Article publié dans le n°1101 (16 mars 2014) de Quinzaines

En musique comme ailleurs, c’est souvent la restriction qui nous est enseignée.
En musique comme ailleurs, c’est souvent la restriction qui nous est enseignée.

«En dehors » : on trouve parfois sur les partitions cette prescription à première vue énigmatique ; elle signifie qu’il importe de bien faire ressortir le chant de son environnement sonore, l’accessoire risquant d’occulter l’essentiel si on n’y prend garde.

« Cette voix ne fait qu’accompagner » ; « il ne faut pas qu’on entende trop cette formule », etc. L’interprétation consiste en partie à contrecarrer ces recommandations hâtives. Résistant mal, quand l’occasion se présente, à me procurer une énième anthologie d’œuvres de Mozart, je viens de tomber sur une semblable remise en cause. On croirait que, ce jour-là, le chef d’orchestre a dit aux musiciens quelque chose comme : « chaque note compte, aucune ne doit être délaissée ». Comment les interprètes sont-ils parvenus à cette qualité d’énonciation particulière ? Par les dynamiques, les attaques...

Il s’agit d’un enregistrement du deuxième mouvement, Andante, du Concerto pour piano et orchestre n° 21 en ut majeur. Le pianiste autrichien Walter Klien (1928-1991) est « accompagné » par l’Orchestre de chambre de Mayence, dirigé par Günter Kehr.

Rien d’ostentatoire chez les exécutants, qui ont simplement adopté une déclaration d’existence : toutes les notes sont égales en dignité, sans qu’aucune distinction puisse être fondée sur leur hauteur, leur durée, leur timbre, ou la voix à laquelle elles appartiennent. Les « notes de passage » et, plus généralement, les « notes étrangères » (ce sont des termes employés en harmonie) ne méritent pas moins de considération que les autres.

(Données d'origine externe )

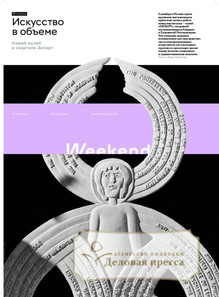 №33weekend/2025 №33weekend за 2025 год - онлайн-версия газеты, купить и скачать электронную версию газеты Коммерсантъ (понедельник-пятница) (Россия). Агентство подписки "Деловая пресса"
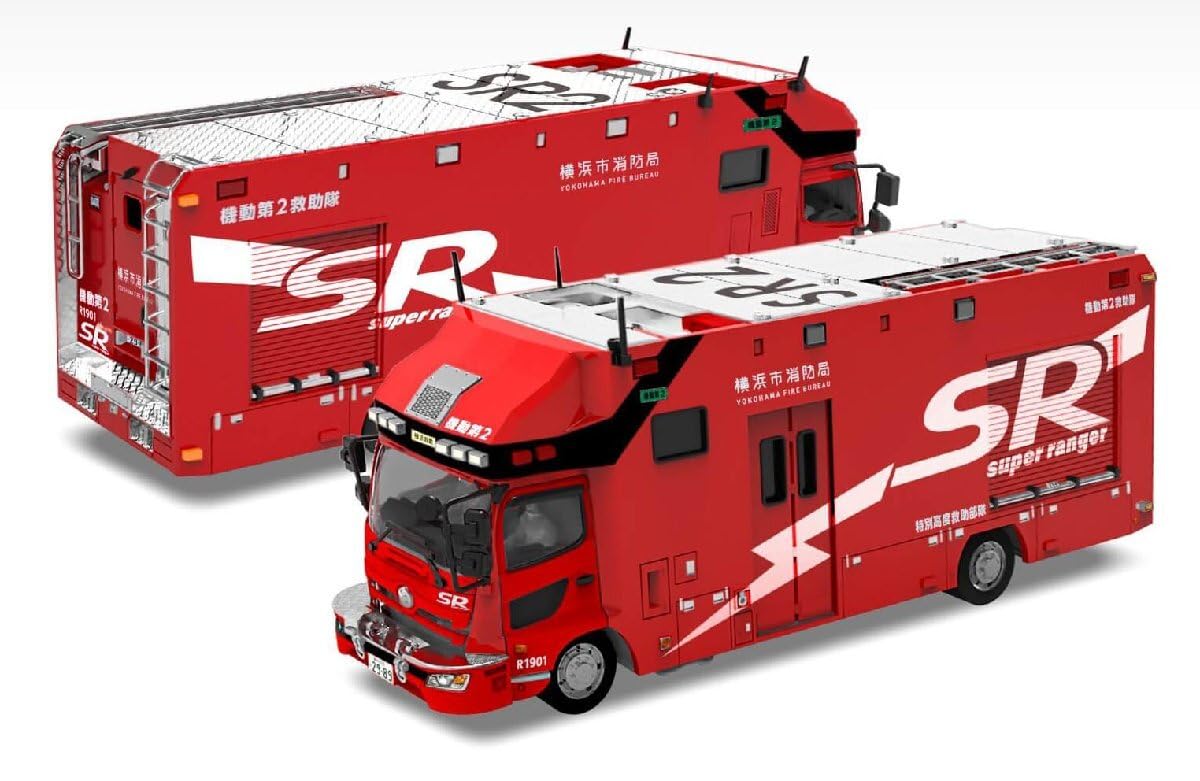 Amazon.co.jp: ACT CAR 1/64 横浜市消防局 スーパーレンジャー SR 特別 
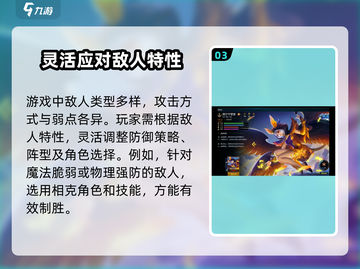 潮汐守望者国服下载链接🔥超详细教程⚡截图4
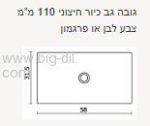כיור אמבטיה מעוצב טיטן קןןרץ מונח דגם אווגר 585 - מיטרני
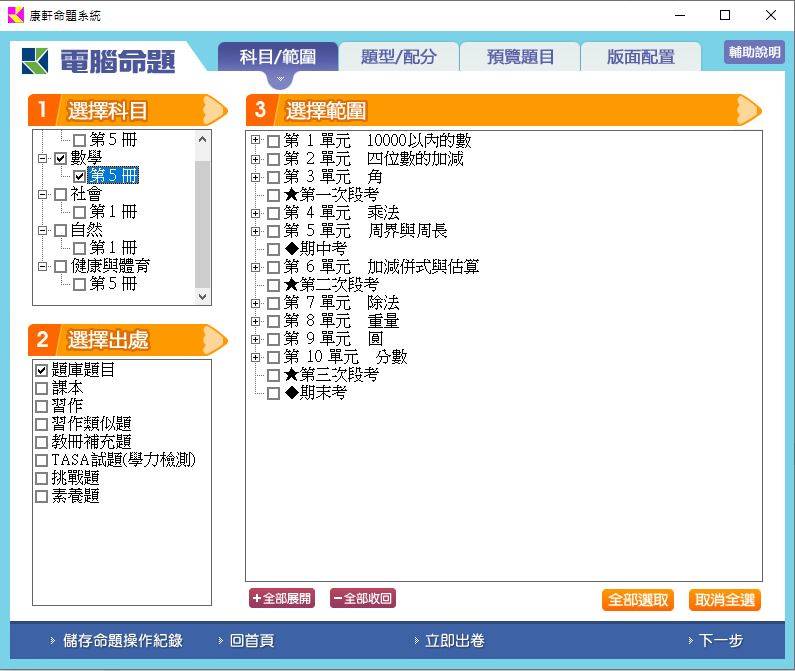 109學年上學期 國小命題光碟 康軒版 1-6年級(1-2年級是108課綱、全年級、全領域)題庫光碟合輯版(3片裝)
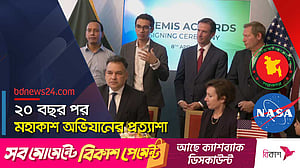 মহাকাশ অনুসন্ধানে নাসার সঙ্গে বাংলাদেশের চুক্তি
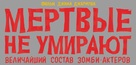 The Dead Don&#039;t Die - Russian Logo (xs thumbnail)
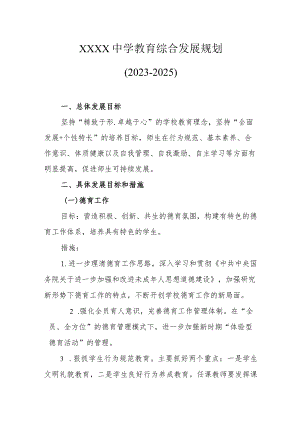 中学教育综合发展规划（2023-2025）.docx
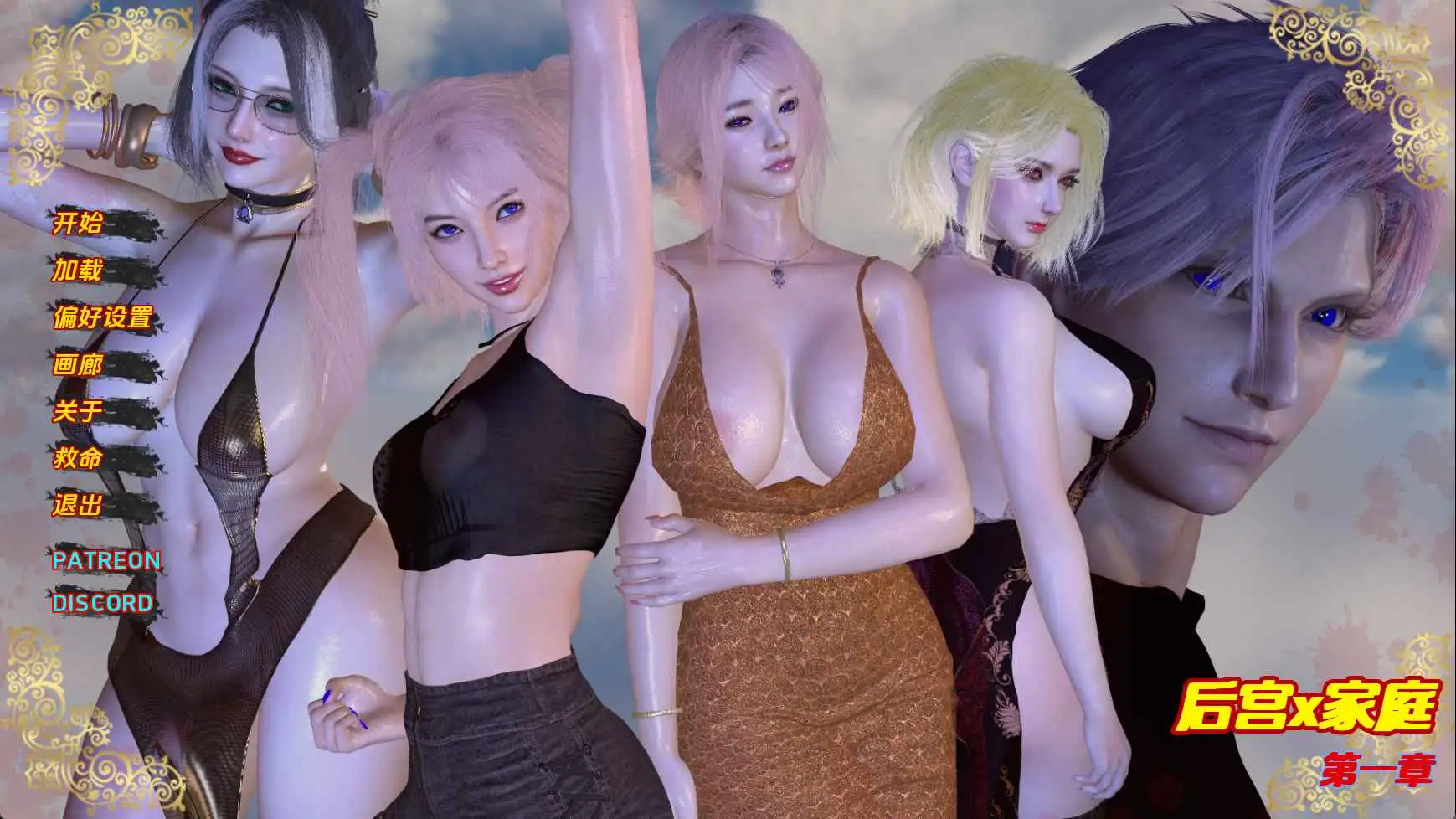 【欧美/SLG/动态/更新】后宫之家Ch.1 AI汉化版【PC+安卓/556M】-神游资源网
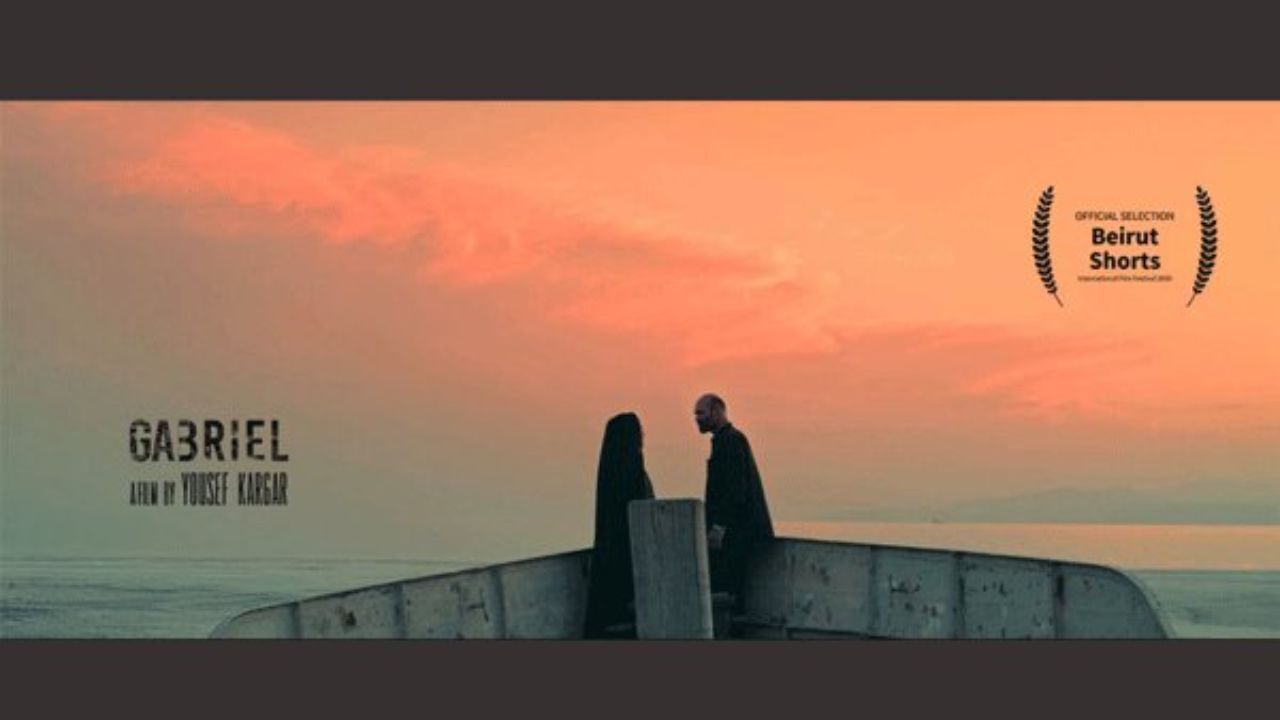 راهیابی «جبرئیل» به جشنواره فیلم کوتاه بیروت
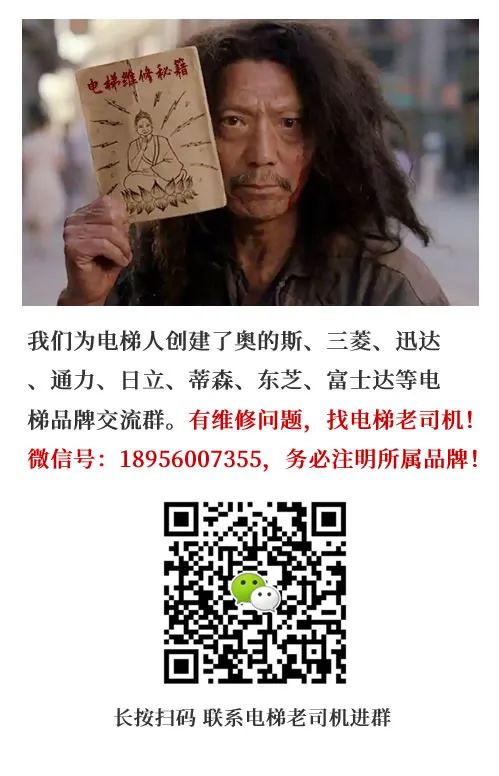 电梯抱闸制动器_电梯制动抱闸器费用高吗多少钱_电梯器制动抱闸的作用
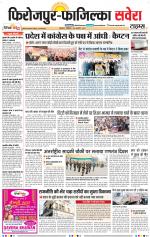 Firozpur / Fazilka Savera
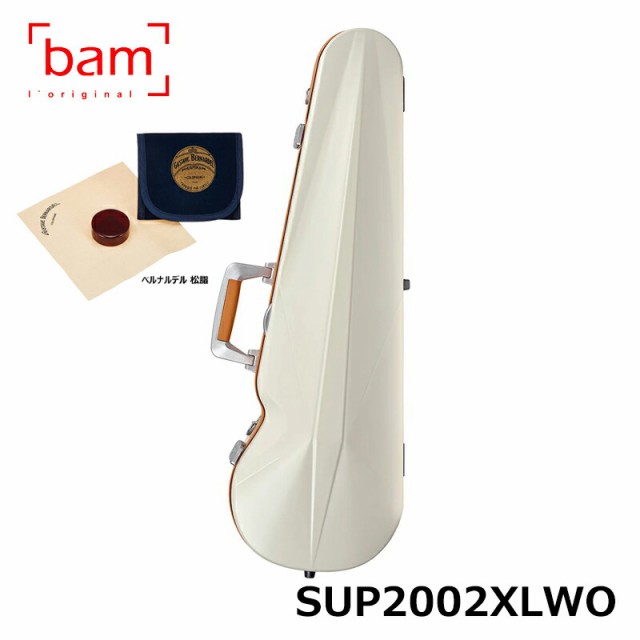 bam アイス ハイテック コンター (オレンジパーツ) SUP2002XLWO【ベルナルデル松脂セット】バム バイオリンケース ICE SUPREME Hightech Contoured Oange Parts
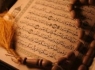 دعاهایی که خدا در قرآن ذکر کرد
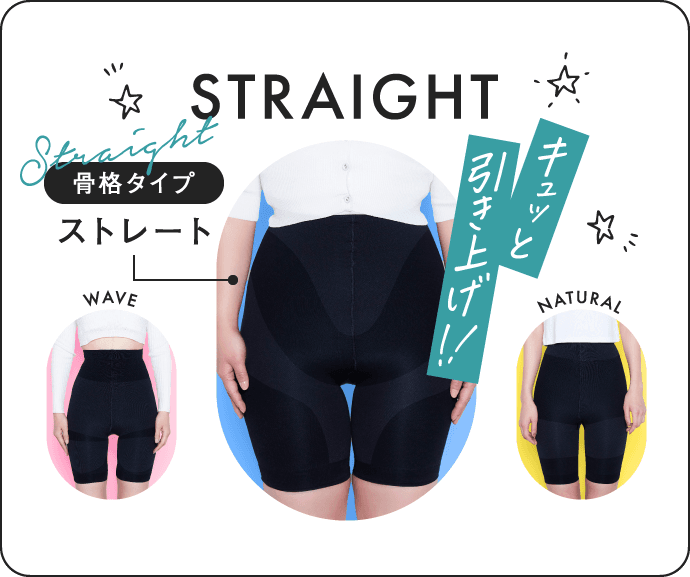 公式】BELMISE｜ベルミス スリムガードル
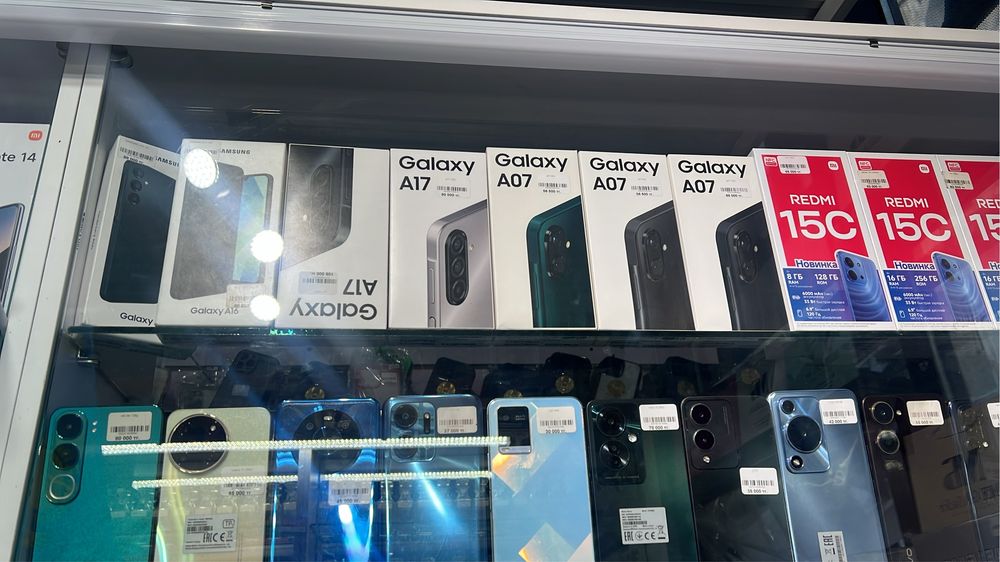 Андройды тараз MEGAбайт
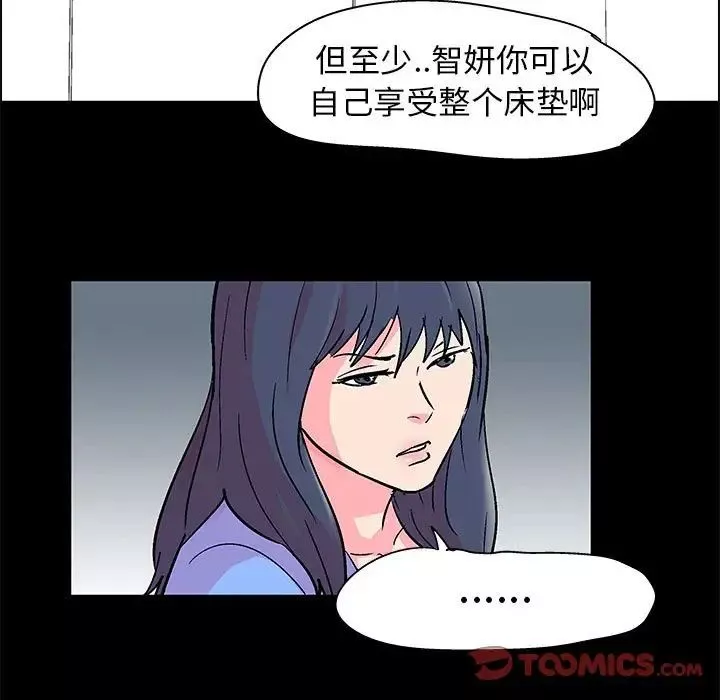 走不出的房間第22話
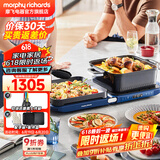 摩飞电器多功能锅折叠料理锅三代家用电陶炉火锅专用锅涮烤肉一体的分体式鸳鸯锅新款围炉聚会嗨吃盘MR9188 轻奢蓝标配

La première mesure, faisant entendre avant que le chant commence le rythme de triolets qui va le porter sans relâche, n’a jamais éveillé une telle attention. Mesure 22, un passage se termine mais flûtes, hautbois, bassons et cors transforment ce qui semblait une désinence en une affirmation. Mesure 37, un motif d’accompagnement confié aux violons se révèle un personnage à part entière. À chaque fois, l’écho du présent éternel que, presque seule, l’enfance nous permet de vivre. L’auditeur est témoin de l’intensité expressive de notes et de phrases qui ne veulent pas mourir avant de s’être pleinement manifestées.

Bien sûr, la différenciation des plans sonores, ça veut dire quelque chose. Une exécution où serait martelée une ligne au détriment du chant principal serait plutôt défectueuse. Tout l’art consiste à ne pas réduire à néant ce que, d’un certain point de vue seulement, on a le droit de considérer comme secondaire.

Cette question « politique » s’est posée quand, à partir du XVIIe siècle, la « monodie accompagnée » (un oxymore) a supplanté peu à peu l’ancienne polyphonie, basée sur l’égalité des voix. D’où le rapprochement aventuré par Ernst Fischer (1899-1972) (1) : quand l’harmonie (par opposition au contrepoint) fait son apparition dans l’histoire de la musique, la bourgeoisie frappe à la porte. Le même auteur voyait dans l’antagonisme des thèmes musicaux, tel qu’il s’impose aux XVIIIe-XIXe siècles, un équivalent de la lutte des classes.

La mélodie bien en dehors des hiérarchies trop écrasantes.

  1. Ernst Fischer, The Necessity of Art (traduit de l’allemand), Verso, 2010, p. 214.